(Your instructions) Would you retype each record exactly as given?

(Available records)

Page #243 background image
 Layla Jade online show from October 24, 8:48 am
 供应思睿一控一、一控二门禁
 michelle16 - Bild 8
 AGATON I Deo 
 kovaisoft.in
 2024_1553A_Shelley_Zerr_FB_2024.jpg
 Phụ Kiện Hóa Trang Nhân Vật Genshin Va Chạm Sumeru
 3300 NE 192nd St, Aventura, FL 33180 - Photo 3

(Expected output)
Page #243 background image
 Layla Jade online show from October 24, 8:48 am
 供应思睿一控一、一控二门禁
 michelle16 - Bild 8
 AGATON I Deo 
 kovaisoft.in
 2024_1553A_Shelley_Zerr_FB_2024.jpg
 Phụ Kiện Hóa Trang Nhân Vật Genshin Va Chạm Sumeru
 3300 NE 192nd St, Aventura, FL 33180 - Photo 3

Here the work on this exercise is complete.